This post was originally inspired by a post on reddit.com discussing Benford's Law.
Problem: what is the probability of finding a run of at least x heads in n tosses of a fair coin?
I borrowed heavily from Schilling [1] to work this out. We're going to recursively count the number of sequences satisfying the problem to give us the probability of finding one during a sequence of tosses.
Let $A(n, x)$ be the number of sequences of length $n$ with a run of at least $x$ heads.
For $n = 3$ and $x = 2$, we have eight total sequences, of which three contain runs of at least 2 heads:
HHH, HHT, HTH, HTT
THH, THT, TTH, TTT
- sequences that start with tails and are followed by subsequences of length $(n-1)$. There are $A(n-1, x)$ such sequences that meet our needs:
T... A(n-1, x)
- sequences that start with a head and tail and are then followed subsequences of length $(n-2)$. There are $A(n-2, x)$ such subsequences which matter to us:
HT... A(n-2, x)
The same holds for up to $(x-1)$ heads followed by a tail.HHT... A(n-3, x)
HHHT... A(n-4, x)
etc. - sequences that start with at least x heads and are followed by $(n-x)$ tosses which we aren't interested in, of which there are $2^{n-x}$:
HHHHHHH... 2^(n-x)
|- x -|
So we have a recursive definition to count the number of such sequences:
$ A(n, x) = \left\{ \begin{array}{ll} 0 & n < x \\ 1 & n = x \\ 2^{n-x} + \sum_{i=1}^{x} A(n-i, x) & n > x \\ \end{array} \right. $
$P(n, x) = A(n, x) / 2^n$
For 200 coin tosses the probability of a run of at least five heads is 97% which I think is surprisingly high. The probability of a run of six heads is 80%.

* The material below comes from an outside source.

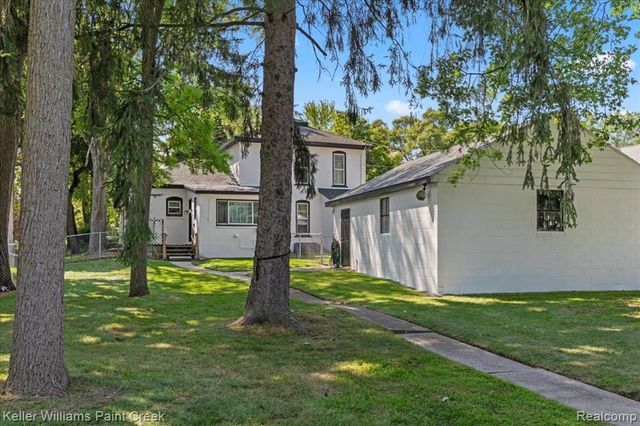 70372 N Main Street, Richmond, MI 48062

The case of finding a run of exactly $x$ heads is very similar. The only part that changes is the third sequence type, where it must now end with a tails:
- sequences that have exactly $x$ heads and are followed by a tail and then $(n-x-1)$ tosses which we aren't interested in, of which there are $2^{n-x-1}$:
HHHHHHHT... 2^(n-x-1)
|- x -|
This gives us a recursive definition for $B(n, x)$, the probability of finding a run of exactly x heads in a sequence of n tosses:
$ B(n, x) = \left\{ \begin{array}{ll} 0 & n < x \\ 1 & n = x \\ 2^{n-x-1} + \sum_{i=1}^{x} B(n-i, x) & n > x \\ \end{array} \right. $
Again for 200 tosses, the probability of exactly five heads is mucher lower than at least five heads: 48%. Exactly six heads is only 40%.
It should be possible to find a non-recursive definition of A and B since all they're doing is summing over powers of two.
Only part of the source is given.